**Given information**
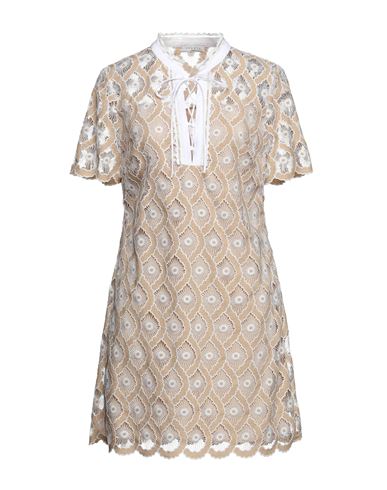 Короткое платье SANDRO 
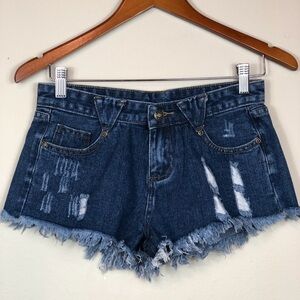 DENIM Shorts Small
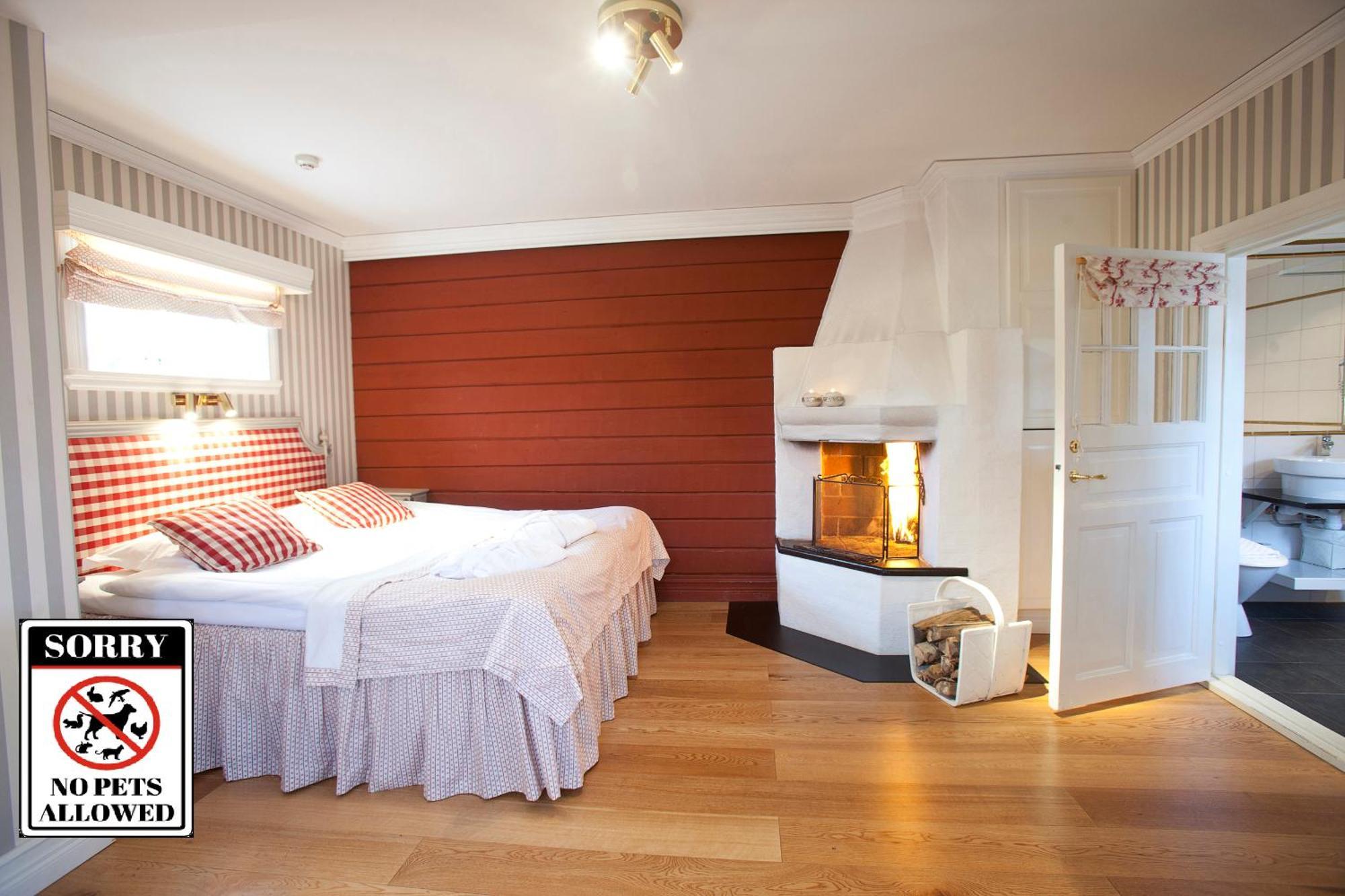 Taellbergsgardens Hotell Esterno foto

**Assignment**
Leaving the pictures out, copy exactly the lines from the line that contains "DENIM Shorts Small" to the last line of the data, both ends included.

**Solution to the exercise**
 DENIM Shorts Small
 Taellbergsgardens Hotell Esterno foto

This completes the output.